Producer Joanna Werner.
For director Emma Freeman, one of the most exciting things about filming the new political thriller miniseries Secret City was the opportunity to film locations that have never before been seen on-screen.
“We shot some beautiful scenes out in the PM’s courtyard”, she recalls.
“Peta Credlin was there and she came out and took some selfies with Sacha Horler, who was very much inspired by Peta Credlin for her character.”
Secret City – which was adapted from former journalists Chris Uhlmann and Steve Lewis’ novels The Marmalade Files and The Mandarin Code – premiered on Foxtel on June 5 and will shortly be released on DVD.
Matchbox Pictures produced the six-part miniseries, which underwent an extended period of development.
One of the key changes made to the original text involved swapping the gender of the journalist protagonist, Harry Dunkley.
Played by Anna Torv, Secret City’s Harriet Dunkley is a reporter who becomes enmeshed in a web of conspiracy when she uncovers an apparent link between a China-US power tussle and a body found on the Canberra foreshore.
The opportunity to make something in the vein of the political thriller was one of the key features that drew Freeman and producer Joanna Werner to the project.
“When Matchbox came to talk to me about a political thriller”, recalls Werner, who has worked extensively on shows targeted to the teen market such as Dance Academy, “there was absolutely no way that I wouldn’t want to be involved with it.”
“We don’t really do genre in Australia”, says Freeman. Secret City “felt like an opportunity to do something different.”

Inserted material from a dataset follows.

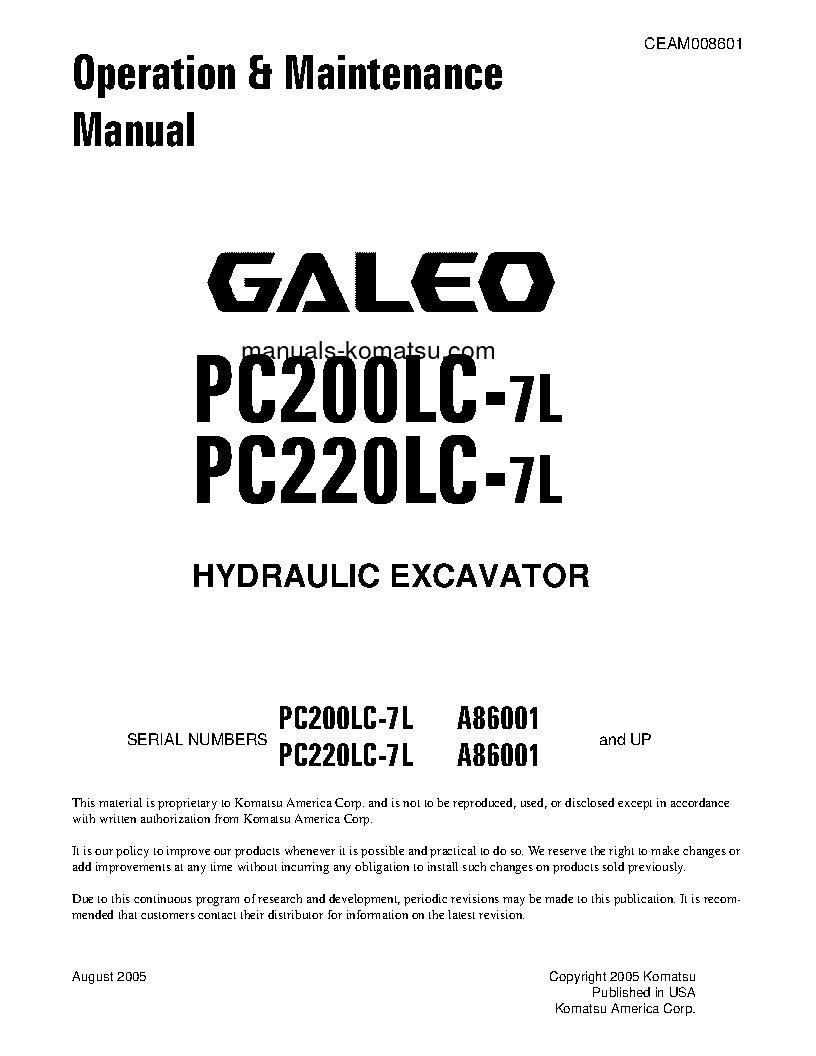 PC220LC-7(USA)-L S/N A86001-UP Operation manual (English)
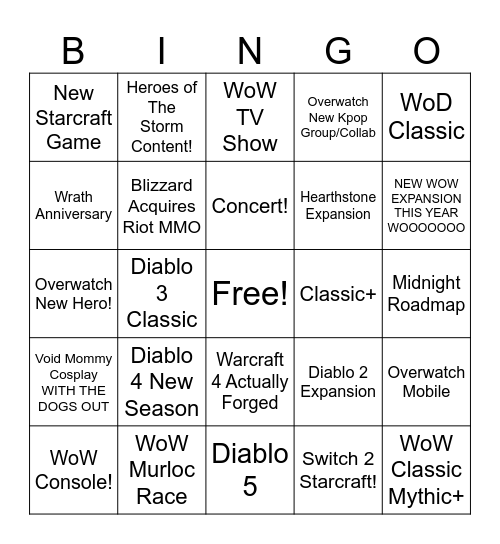 BLIZZCON Bingo Card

Freeman thinks this reluctance to engage with genre could be changing, and cites Goalpost Pictures’ Cleverman and Glitch (which she also directed for Matchbox), as well as the Canberra-set political thriller The Code, produced by Playmaker Media.
Werner agrees that there are signs that bolder decisions are being made when it comes to producing Australian TV content, attributing this trend in part to online streaming services such as Stan.

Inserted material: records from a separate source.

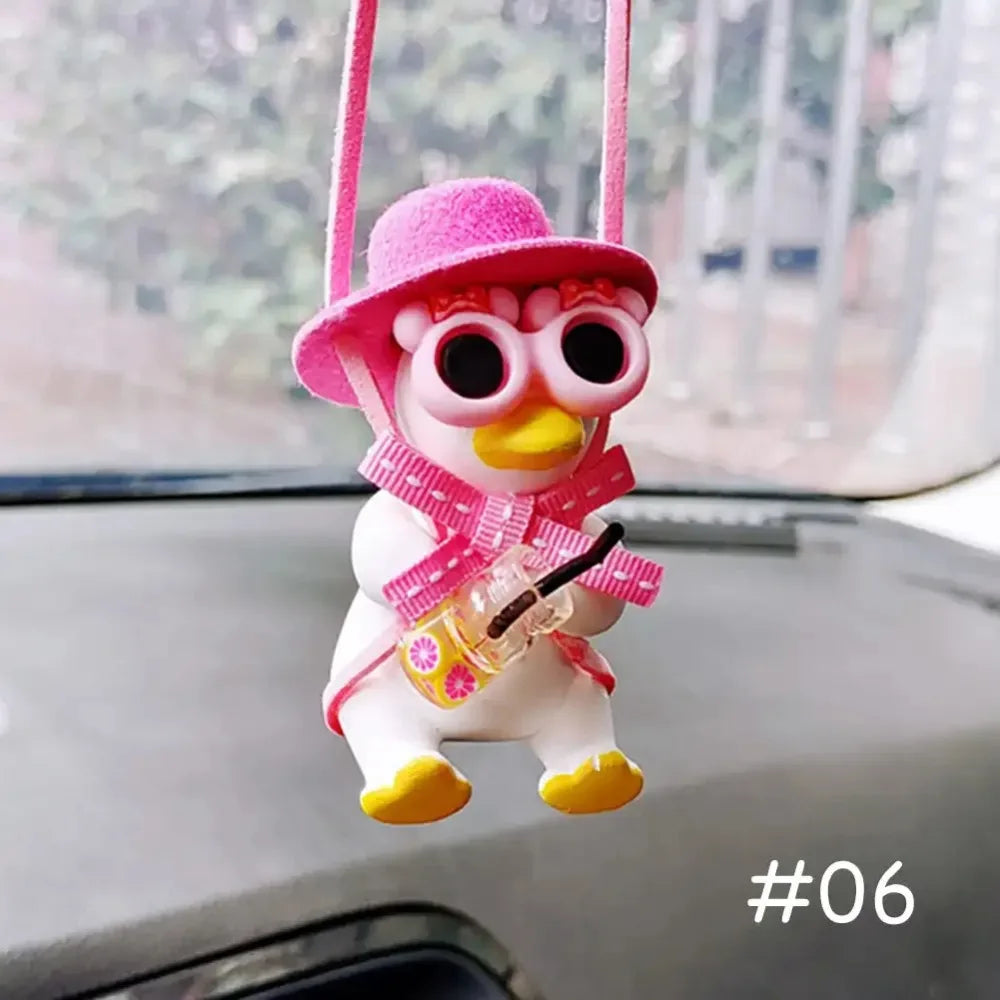 Car Pendant Cute Anime Little Duck Swing Auto Rearview Mirror Hanging Ornaments Interior Decoraction Accessories for Girls Gifts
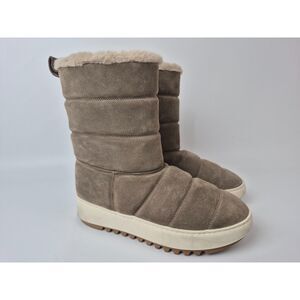 Aquatalia Women's Grey Alcee Quilted Suede Snow Boots Size 8.5 M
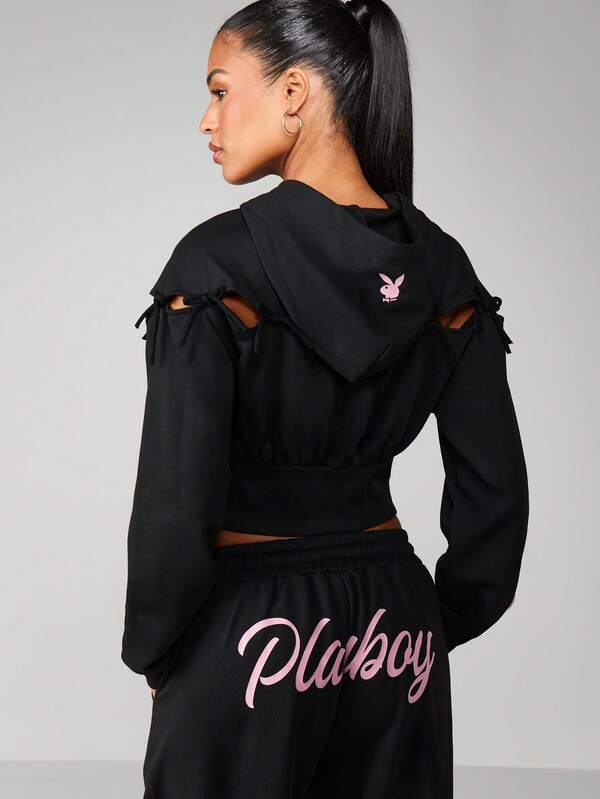 Missguided X Playboy Bow Detail Zip Front Hoodie With Cutout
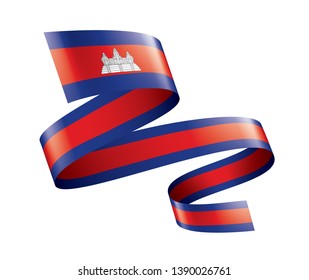 Cambodia flag, vector illustration on a white background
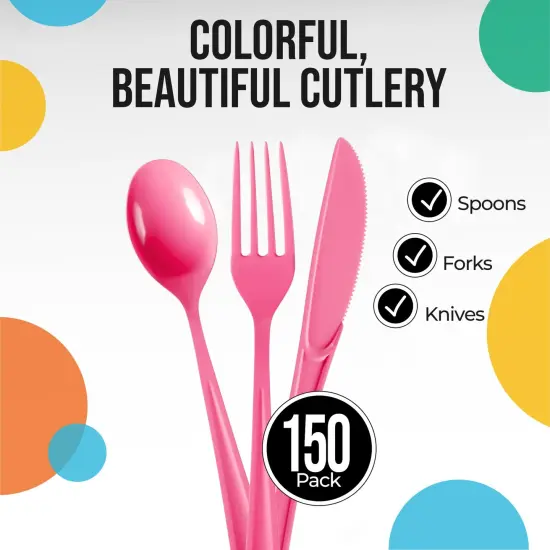 Exquisite Polished Plastic Silverware &ndash; 150 Pcs Heavy Duty Cutlery Set &ndash; 50 Each of Forks, Knives & Spoons &ndash; Disposable Utensil Set for Parties, Events & Catering &ndash; Flatware Set by Party Solids Hot Pink {2}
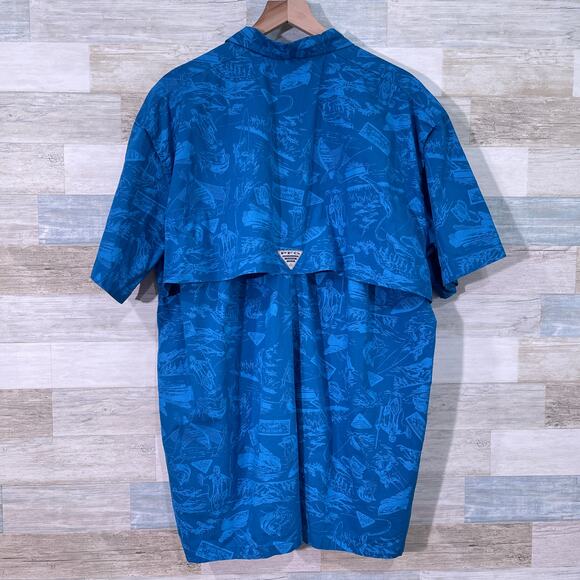 COLUMBIA PFG Trollers Best Short Sleeve Shirt Blue Print Fishing Boat Mens XXL - Picture 3 of 6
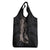 Hawaiian Tropical Plants Turtle and Shark Grocery Bag Polynesian Art Tattoo Grayscale Color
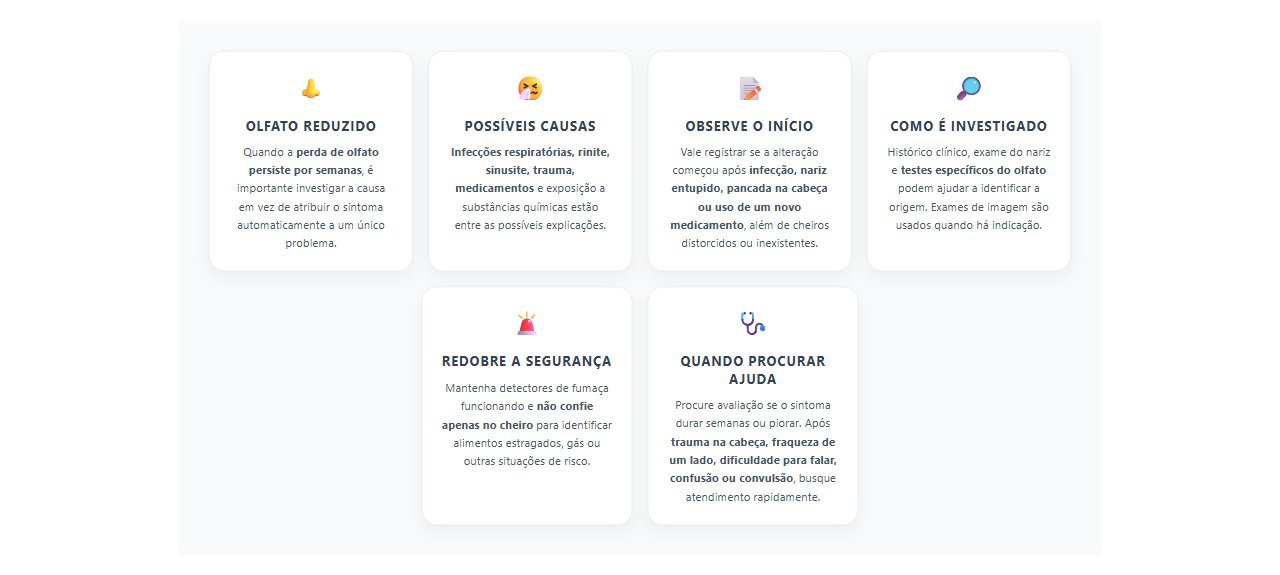 Perda de olfato por semanas: causas possíveis e sinais que exigem investigação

“When you look at No Activity and Wolf Creek, I can’t imagine them really being made for another broadcaster.”
“Certainly looking at things that are being pitched to me or have been presented to me, it seems like writers and creators are feeling confident to pitch new things. Not necessarily something that would go to a Channel 7 or a 9, but something that might have a bit of an edge.”
The ambitious nature of Secret City helped to secure the impressive ensemble cast, says Freeman.
“We got the cast based on the scripts, but also on the incredible reputation that [Matchbox’s] Penny Chapman has.”
Alongside Torv, Secret City stars Jacki Weaver as the Attorney-General and Alan Dale as the PM.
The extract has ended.